Sometimes people slide from a productive member of society to celery status gradually. At one time they were the hottest thing around, and then, without quite knowing how or when, they find themselves throwing fits while standing outside the velvet ropes at some posh nightclub, usually wearing clothes a decade or so too young for themselves, screaming "I'm [INSERT NAME HERE], damnit!" while his or her assistant tries to minimize the damage to the dwindling status of the faded celebrity's name.
This was to be the fate of Orenthal, before he decided to get his sunglasses back. After that fateful night, he dove headfirst into Celeryville.
Many of you may not remember OJ in his prime as a football player. He was an incredible running back. I'm a Steelers fan, but I grew up about 100 miles from Buffalo, and I watched him play football quite a bit. His first three years were unremarkable because of the horrible offensive line he was behind, but then they drafted a few pulling guards, and his season-long yardage totals went from less than 700 in 1971, to a then-record 2,oo3 yards in 1973.
Look at this shot. Look at which way his shoulders are pointed. Pretty much straight towards the line of scrimmage. Now look at
his hips. Look at where his feet are going. A split second before this was snapped, i guarantee those toes were aimed right at the photographer. How could you tackle that?
This was true OJ--no matter how hard you tried to tackle him, he always seemed to be able to get away. He wasn't the fastest, or the strongest, or even the most elusive. He was enough of all three that you couldn't pull him down.
He was just as elusive twenty-four years later.
After football, he was the perfect corporate shill, selling his athletic abilities for Hertz Rent-A-Cars, sprinting through the terminals in a way that would be sure to get him a few rubber bullets into the small of his back today. Go, OJ! Go!

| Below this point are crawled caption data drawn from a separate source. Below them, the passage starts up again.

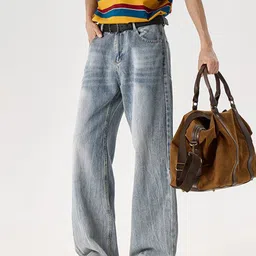 StyleCast Men Flared Mid-Rise Low Distress Light Fade Cotton Jeans image 3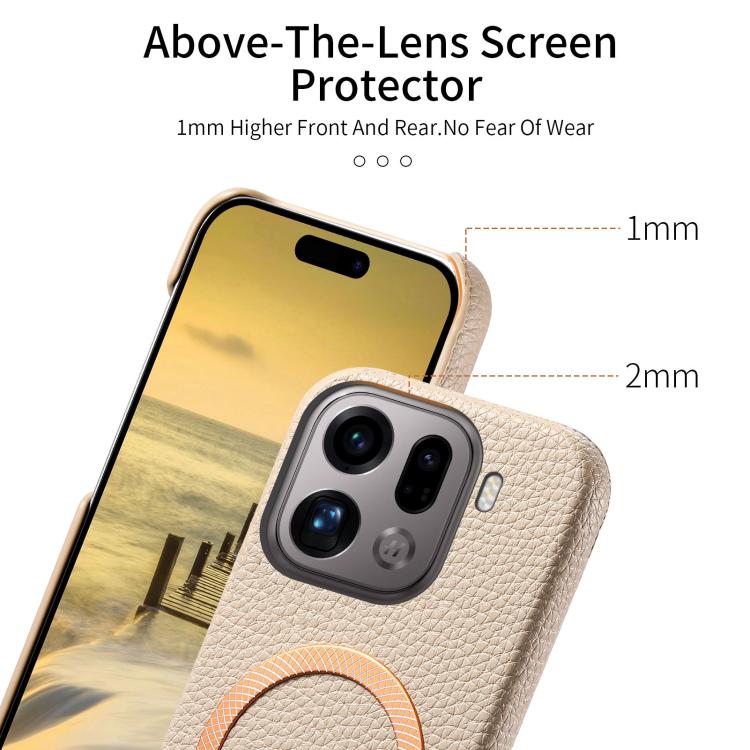 For OPPO Find X9 Pro Litchi Texture Brushed MagSafe PU Back Cover Phone Case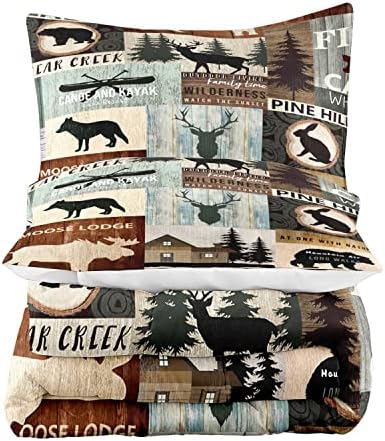 LUVIVIHOME 3PCS Black Bear Moose Deer Comforter Set, Queen Comforter, Pine Tree Woodland Rabbit Wolf Forest Animal Wildlife Hunting Cabin Lodge Vintage Country Rustic Farmhouse Bedding, 2 Pillow Shams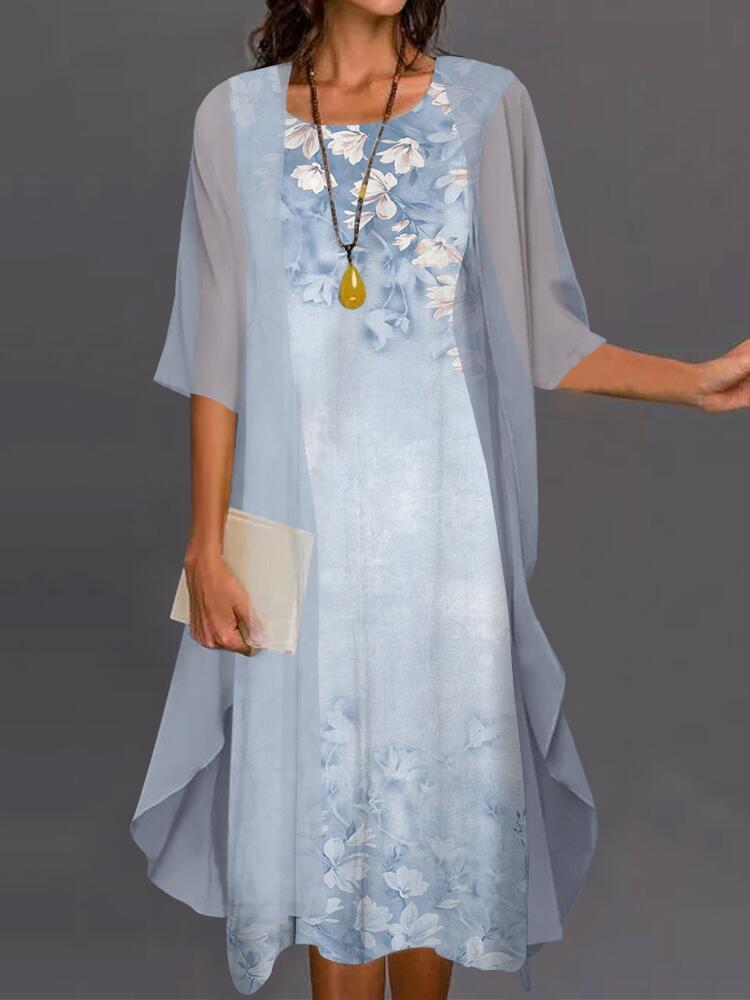 Summer Printed Long Sleeve Loose Two-piece Dress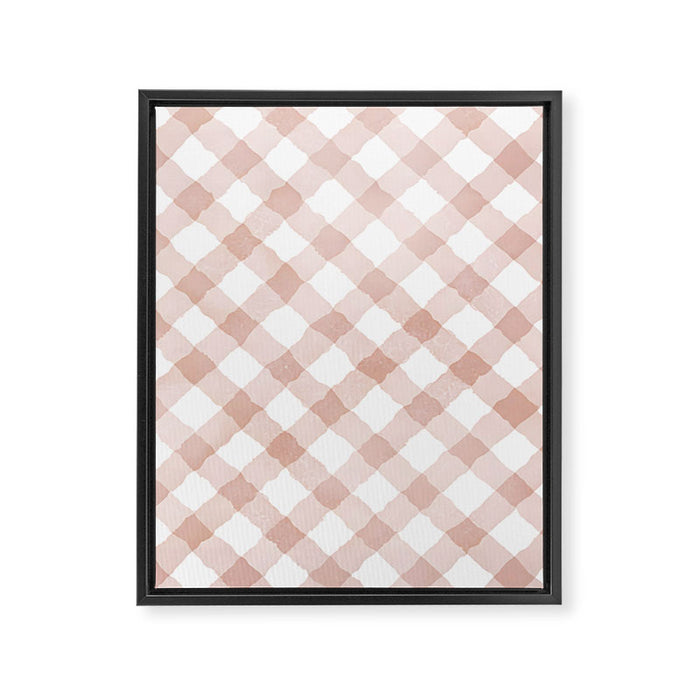 Hand Painted Pink Festive Gingham Theme Framed Canvas Print Gallery Image 1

He also acted in a few movies not quite bad enough to be legendary, and did a quite a bit of sideline commentary for football games. Then, in 1988, he portrayed Detective Nordberg in The Naked Gun, and he enjoyed a revival of sorts with his surprisingly deft physical comedy, and he went on to appear in both sequels, each time getting the shit knocked out of him in a series of humorous episodes.

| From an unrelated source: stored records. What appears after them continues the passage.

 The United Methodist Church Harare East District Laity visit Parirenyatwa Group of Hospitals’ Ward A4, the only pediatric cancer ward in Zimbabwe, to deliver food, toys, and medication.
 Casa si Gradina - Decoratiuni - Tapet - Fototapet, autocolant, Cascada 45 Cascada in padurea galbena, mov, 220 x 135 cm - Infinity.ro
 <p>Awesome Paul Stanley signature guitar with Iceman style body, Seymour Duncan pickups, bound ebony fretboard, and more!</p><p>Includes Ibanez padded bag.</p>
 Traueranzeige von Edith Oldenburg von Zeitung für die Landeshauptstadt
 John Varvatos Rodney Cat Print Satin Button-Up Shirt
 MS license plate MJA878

The one thing about OJ's post-football career that stands out to me is the following: he did everything he could to be safe. His entire image was predicated on the fact that he was a friendly, funny, intelligent, caring--but mostly, safe--black man.

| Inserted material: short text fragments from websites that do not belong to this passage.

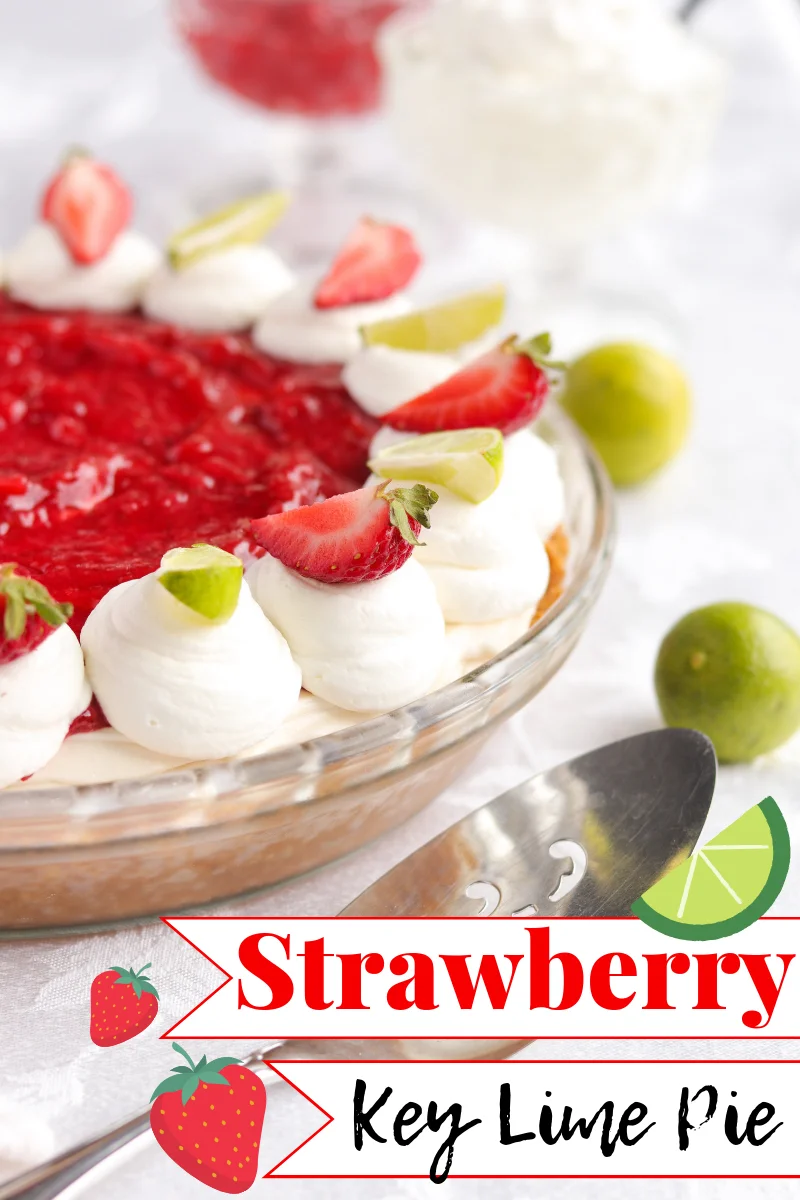 Rich and deliciously tangy key lime filling, fluffy cheesecake filling, and fresh strawberry topping in a graham cracker crust!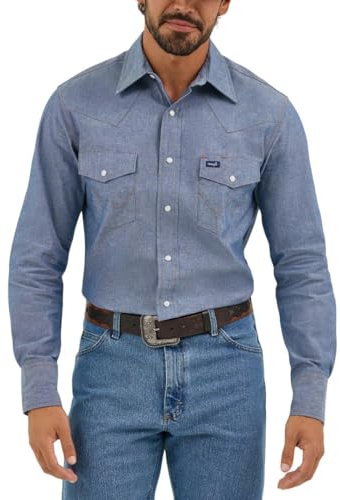 Wrangler mäns Chambray långärmad arbetsskjorta Chambray, Medium blå Chambray, 15.5 Neck 34 Sleeve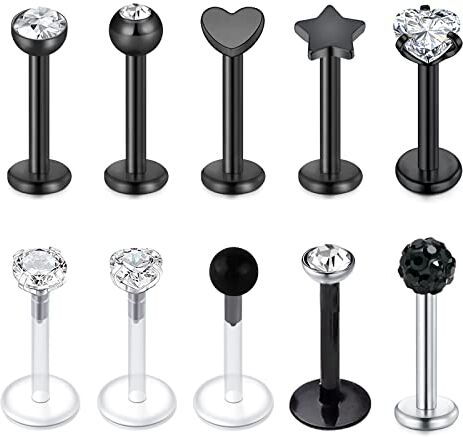 VFUN 16G Piercing Labbro Labret Stud Barra 8MM Acciaio inossidabile Piercing Orecchio Trago Diamond CZ Cuore Medusa Piercing Forward Helix Piercing per Donna 10 Pezzi Piercing Labbro Nero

As far as I can tell OJ Simpson did little to help other African-Americans unless they were also running backs from USC. He spent most of his public time as a spokesperson or a persona affiliated with mostly white endeavors. The neighborhood in which he lived was also a primarily white enclave. This is not to say that he wasn't proud of his African heritage. Maybe he was, maybe he wasn't. But the color he was most attracted to was green.
Perhaps it was this shallowness that drove his wife, Nicole Brown, away from him. Whatever it was, it didn't seem to sit well with OJ.
If you were alive in the mid-nineties, you know the rest. OJ used all his privilege and money to portray himeself as a poor black man, and escaped prison, but not civil judgement. Nor did he fare well in the court of public opinion, where he will forever be a pariah.
But none of this is what brings CofH status to Orenthal. It's his refusal to go quietly into that extremely expensive good night. Right after his acquital, he announced he was going to devote the rest of his life to finding the killer of his wife and Ronald Coleman. Apparently, he believes they are hiding on some golf course somewhere. Even then, had he made his obligatory statement and hid from the public, it wouldn't have mattered.
What matters is that he still pops up every damned opportunity that he can. For a long time, it seemed as if he had actually convinced himself that he was innocent. But then, he wrote a book, and was about to appear in a special, where he would tell us how he killed two people, but only hypothetically.
Of all the things written and said about OJ Simpson, I think that the most succinct and accurate statement was made by the sports radio personality Jim Rome, who said:
"Do us all a favor, OJ: Go straight to hell."
OJ Simpson: the deadliest celery of humanity.